BRIEF DESCRIPTION OF THE DRAWINGS
[0012] The invention can be more fully understood by reading the
subsequent detailed descriptions and examples with references made
to the accompanying drawings, wherein:
[0013] FIG. 1 shows the layout of the NCD;
[0014] FIG. 2 shows the hardware structure of the NCD with digital
implementation;
[0015] FIG. 3 shows the NCD with analog implementation;
[0016] FIG. 4 shows a detailed system diagram with digital
implementation;
[0017] FIG. 5 shows a detailed system diagram with analog
implementation;
[0018] FIG. 6 shows one embodiment of the NCD with a contact
microphone;
[0019] FIG. 7 shows one embodiment of the NCD with an in-the-ear
microphone;
[0020] FIG. 8 shows the structure of the in-the-ear microphone;
[0021] FIG. 9 shows the adaptive noise-reduction algorithm based on
the temporal Wiener filter;
[0022] FIG. 10 shows model-based noise reduction algorithm;
[0023] FIG. 11 shows the noise suppression system used in FIG.
10;
[0024] FIG. 12 shows the change-point detection algorithm;
[0025] FIG. 13 shows short time sub-band power with an estimated
noise floor of noisy speech signals where the frequency is 8000 Hz,
the number of sub-bands is equal to 8, and the window size is
256;
[0026] FIG. 14 shows the results applied with the VAD;
[0027] FIG. 15 shows improved audio signals with three noise
reduction algorithms applied;
[0028] FIG. 16 shows improved audio signals with model-based noise
reduction algorithm; and
[0029] FIG. 17 shows results by spectral equalization for the NCD
with the in-the-ear microphone.
DETAILED DESCRIPTION OF THE INVENTION
[0030] FIG. 1 shows the layout of the NCD. As shown in FIG. 1, the
NCD establishes a connection between the person who wears a mask
101 and a radio 106 for good communications. The NCD has four
modules: speech acquisition module 102, an ASP module 103, a
loudspeaker 104, and a radio interface 105. One embodiment of the
radio interface 105 can be an audio jack, so the radio 106 can be
connected by a piece of cable with the audio jack. The speech
acquisition module is used to capture speech from persons who may
or may not wear a PPE or mask. The ASP module processes the
detected noisy voice and delivers clean speech to the loudspeaker
104 for face-to-face communications and to the radio interface 105
for wireless radio communications.
[0031] FIG. 2 illustrates the hardware structure of the NCD with a
digital signal processor. Speech acquisition module 102, as
described in FIG. 1, have three formats: contact microphone 201,
in-the-ear microphone 202, or the combined contact and in-the-ear
microphones. The contact microphone is attached to the outside
surface of the mask, while the in-the-ear microphone is inserted in
the speaker's ear. A contact microphone can convert mechanical
vibrations to electric signals. It has an embedded piezoelectricity
transducer that can pick up the vibration. The vibration is soon
converted into a voltage that can then be made audible. A
firefighter normally wears a SCBA in an emergency situation, and
therefore his or her face is tightly covered by the face mask. When
the firefighter starts to speak, the voice generates positive
pressure inside the mask, which leads to vibrations on the rigid
surface of the mask. The vibrations can be picked up by the contact
microphone. Because the noise in the open environment has few
contributions to the surface vibration, the contact microphone can
pick up the clean wearer's voice with little influence from
background noise. The in-the-ear microphone is another microphone
that can be used in this invention. When a person speaks, his or
her voice is transmitted within his or her body and can be detected
in the ear from Cochlear emissions. This way the in-the-ear
microphone can pick up the speech signals from the Cochlear
emissions. The dimensions of an in-the-ear microphone can be small.
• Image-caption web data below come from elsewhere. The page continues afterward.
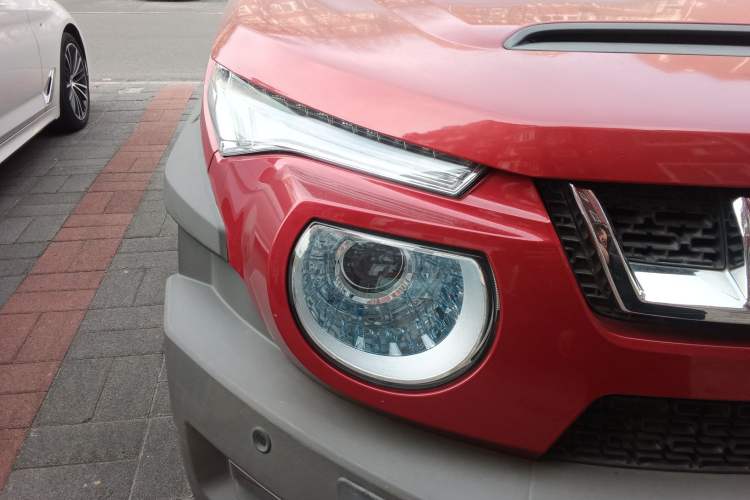 Used BAIC Off-Road BJ20 2016 1.5T CVT Luxury Model Right Front Headlight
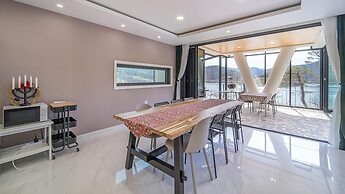 Chungnam Cheongyang Kongmaea Poolvilla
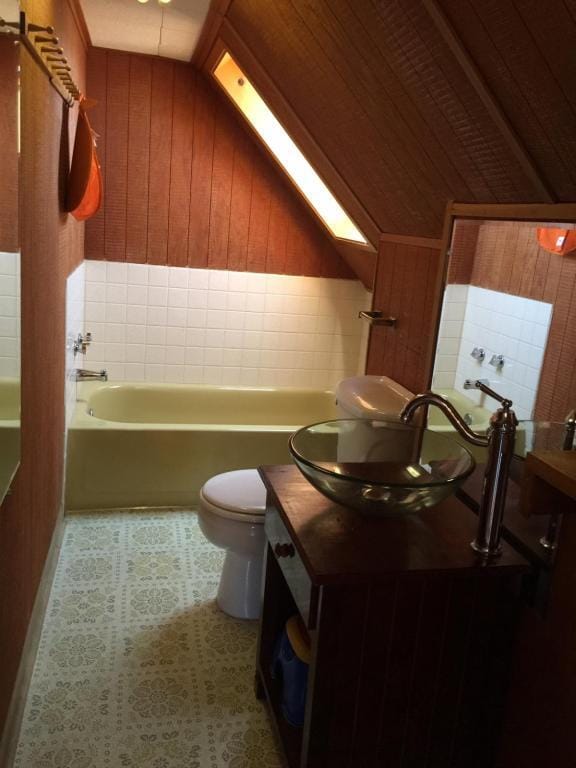 Building Photo - 663 S 11th St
A preferred diameter of an in-the-ear microphone is less than 3 mm
and a preferred length is less than 5 mm. The in-the-ear microphone
can be built into an ear plug, which has an ear hood for easy and
stable wearing. Both microscopes can pick up human speech in a
different way from that of a traditional microphone such that
background noise is significantly blocked.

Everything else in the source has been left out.